* [Data shown]
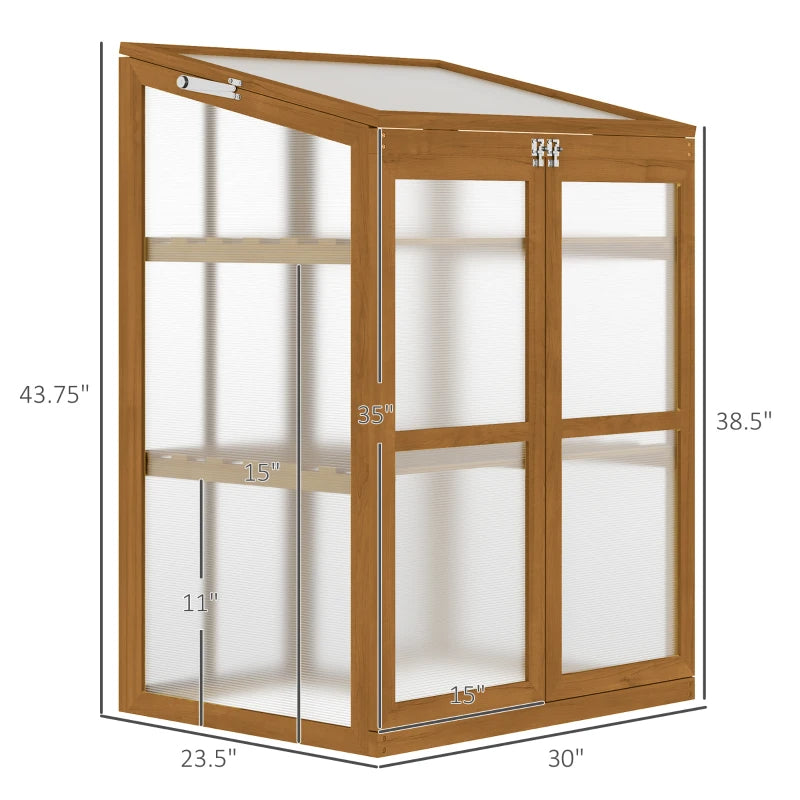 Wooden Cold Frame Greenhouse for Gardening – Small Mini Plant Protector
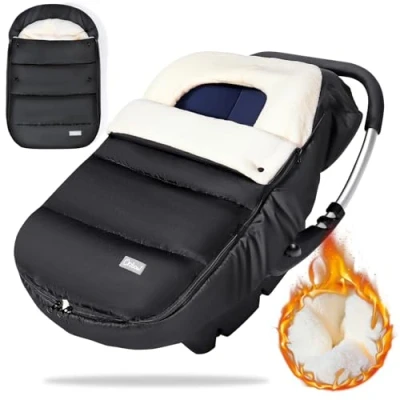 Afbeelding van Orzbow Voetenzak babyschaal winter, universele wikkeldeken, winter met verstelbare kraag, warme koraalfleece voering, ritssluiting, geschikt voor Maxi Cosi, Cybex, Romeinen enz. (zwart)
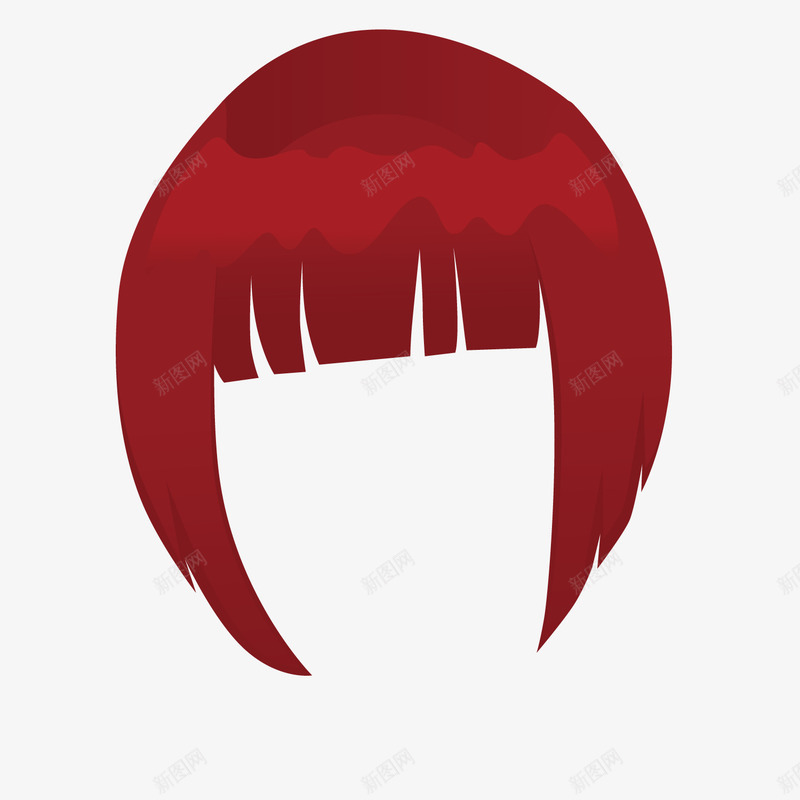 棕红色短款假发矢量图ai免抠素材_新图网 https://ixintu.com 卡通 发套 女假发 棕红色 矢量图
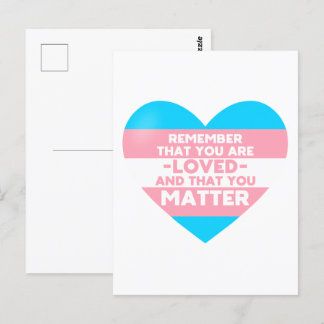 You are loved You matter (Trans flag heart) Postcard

* [Exercise aim]
Print the listing word for word, but omit the pictures.

* [Exercise result]
 Wooden Cold Frame Greenhouse for Gardening – Small Mini Plant Protector
 Afbeelding van Orzbow Voetenzak babyschaal winter, universele wikkeldeken, winter met verstelbare kraag, warme koraalfleece voering, ritssluiting, geschikt voor Maxi Cosi, Cybex, Romeinen enz. (zwart)
 棕红色短款假发矢量图ai免抠素材_新图网 https://ixintu.com 卡通 发套 女假发 棕红色 矢量图
 You are loved You matter (Trans flag heart) Postcard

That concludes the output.